Ketua PWI Tomohon Tanggapi Pasal Kontroversial RUU KUHP - <!--Can't find substitution for tag [blog.Sulut24]-->

Widget HTML Atas

Ketua PWI Tomohon Tanggapi Pasal Kontroversial RUU KUHP


Ketua PWI Tomohon Jhon Paransi

Sulut24.com - Tomohon, Revisi Undang-Undang (UU) Kitab Undang Undang Hukum Pidana (KUHP) hingga saat ini masih memantik kontroversi ditengah masyarakat.

Gelombang demo oleh mahasiswa di berbagai daerah terus terjadi untuk menuntut agar RUU KUHP dibatalkan.

Selain mahasiswa, protes terkait RUU KUHP juga datang dari para Jurnalis, pasalnnya dalam RUU KUHP tersebut terdapat poin-poin yang dinilai dapat membunuh kebebasan pers.

Ketua Persatuan Wartawan Indonesia  (PWI) Kota Tomohon Jhon Paransi saat diwawancarai sulut24.com melalui aplikasi pesan instan (WhatsApp) mengatakan bahwa insan pers memiliki tanggung jawab sebagai pilar pembangunan bangsa.

"Kami jangan dikucilkan lewat regulasi pemerintah untuk menghambat kebebasan berekpresi sebagai pers dalam menyampaikan informasi akurat faktual dan terpercaya kepada masyarakat," tutur Ketua PWI Tomohon, Kamis (26/9/2019).

Tambahnya peranan pers sangat dibutuhkan dalam pemerintahan yang demokratis.  Untuk itu diperlukan kebebasan pers dalam menjalankan tugas serta fungsinya secara profesional.

"Apabila negara mengendalikan media massa, maka akan mengakibatkan terhambatnya cara untuk memberitakan penyalahgunaan wewenang dan korupsi yang dilakukan oleh pejabat negara," ujar Paransi.

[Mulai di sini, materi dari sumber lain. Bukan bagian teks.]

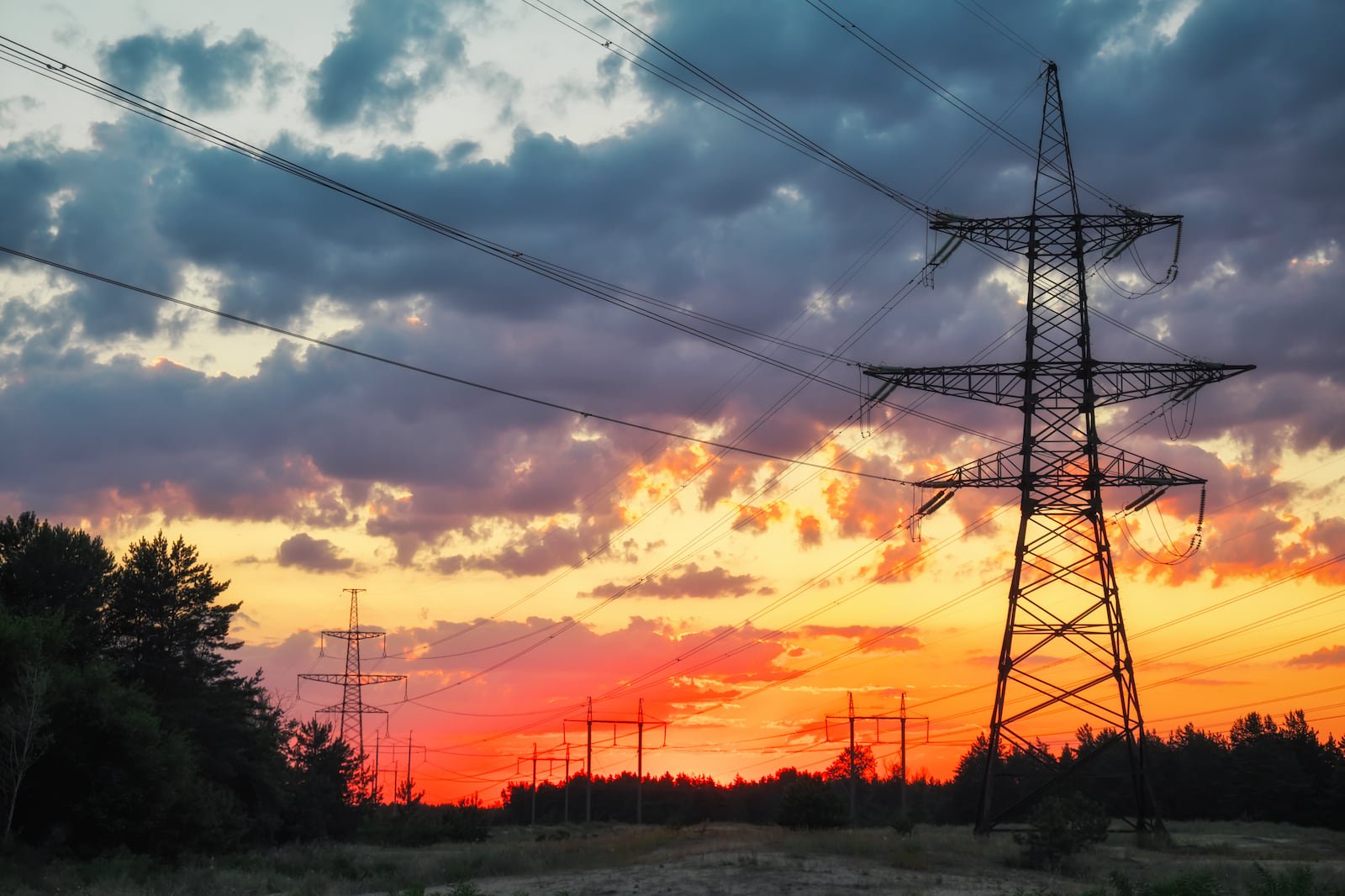 KGANKI MATABANE | This grid project must transmit economic power to all South Africans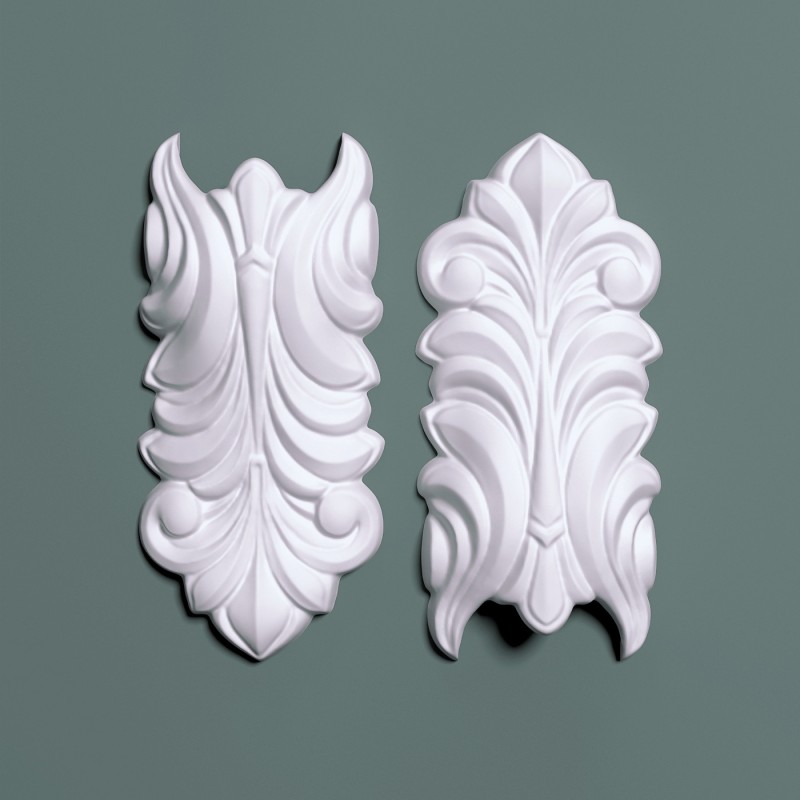 Декоративный элемент М12Н2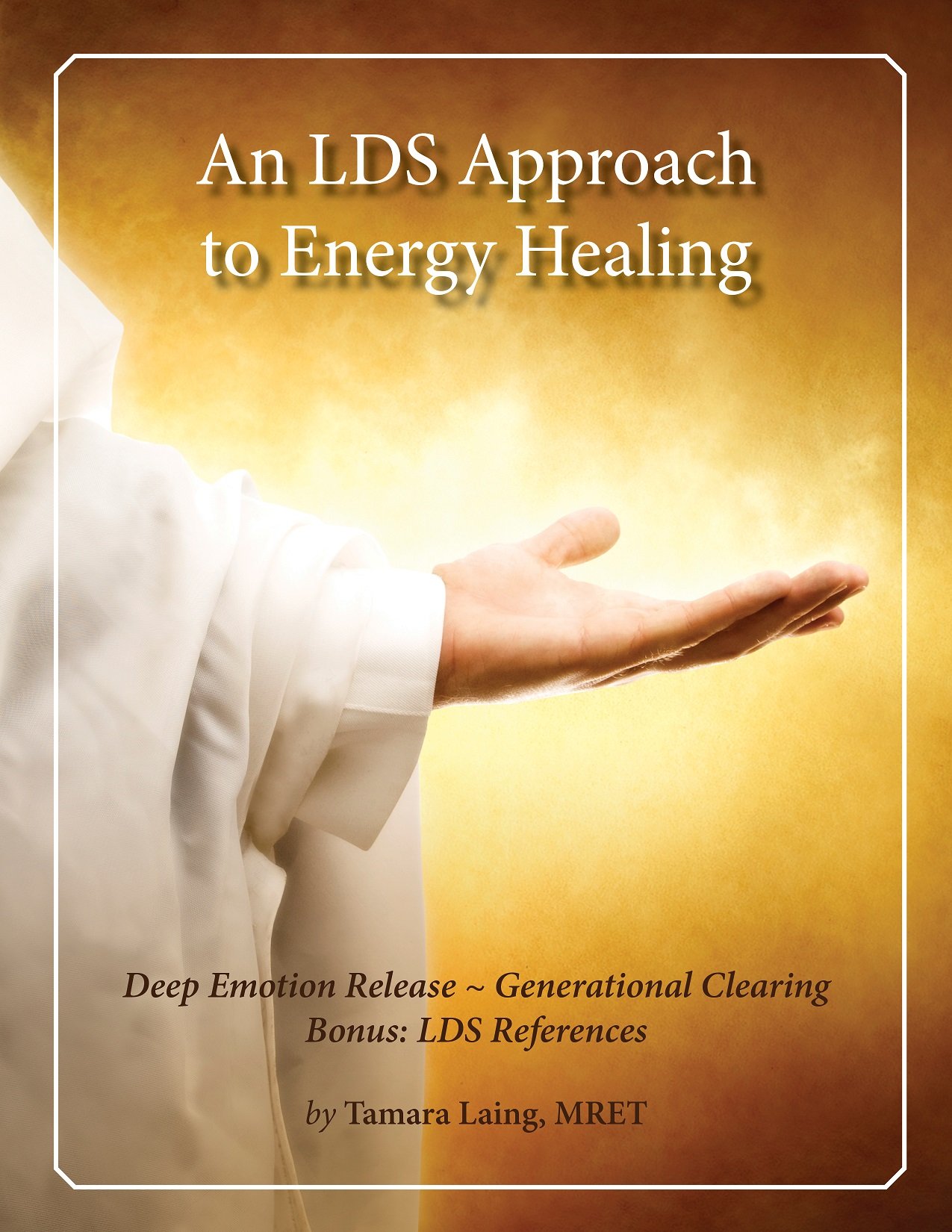 An LDS Approach to Energy Healing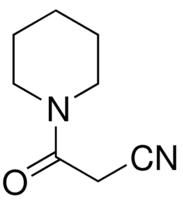 1-Cyanoacetylpiperidine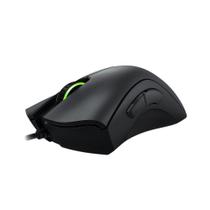 Mouse Gamer Razer Deathadder Essential 6400 Dpi Com Fio
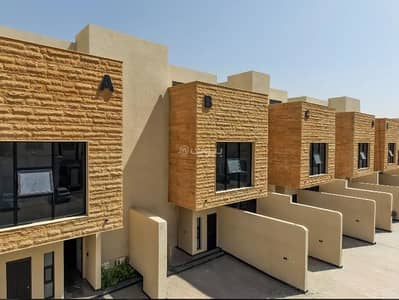 دور  للبيع في شرق الرياض، الرياض - طابق للبيع في مشروع أدوار (آرت) خير دارك في الرمال، الرياض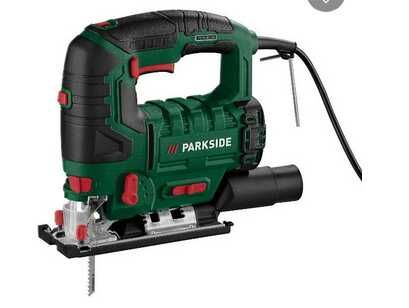 PARKSIDE Pendelhubstichsäge »PSTD 800 G6« 25,94€ statt 40,94€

Ketua PWI Tomohon menuturkan pembatasan kebebasan pers jelas merupakan bagian dari redupnya prospek demokratisasi. Lanjutnya, perkembangan dan pertumbuhan media massa atau pers di Indonesia tidak dapat dipisahkan dari perkembangan dan pertumbuhan sistem politik di negara.

"Bahkan sistem pers di Indonesia merupakan sub sistem dari sistem politik yang ada, dimana sistem pers mengikuti sistem politik yang ada, maka pers cenderung bersikap dan bertindak sebagai penyeimbang, sebagai pers yang bebas dan bertanggung jawab," jelasnya.

"Saat ini kita sebagai insan pers bukan di era orde baru yang dijadikan alat mempertahankan kekuasaan sehingga pers tidak menjalankan fungsinya yang sesungguhnya adalah pembangkit demokrasi dan sebagai pendukung dan pembela masyarakat berdasarkan amanat UU Pers No. 40 Tahun 1999 dan Kode Erik Jurnalistik," tutup Paransi.

Berikut poin-poin yang dinilai dapat menghambat atau menyeret Jurnalis ke rana pidana.

Pertama, pasal 281 soal penghinaan terhadap pengadilan; Kedua, pasal 219 tentang penghinaan terhadap presiden atau wakil presiden; ketiga, pasal 241 tentang penghinaan terhadap pemerintah; keempat, pasal 247 tentang hasutan melawan penguasa; kelima, pasal 262 tentang penyiaran berita bohong; dan keenam, pasal 263 tentang berita tidak pasti.

Selanjutnya, pasal 305 tentang penghinaan terhadap agama; kedelapan, pasal 354 tentang penghinaan terhadap kekuasaan umum atau lembaga negara; kesembilan, pasal 440 tentang pencemaran nama baik; dan pasal 444 tentang pencemaran orang mati.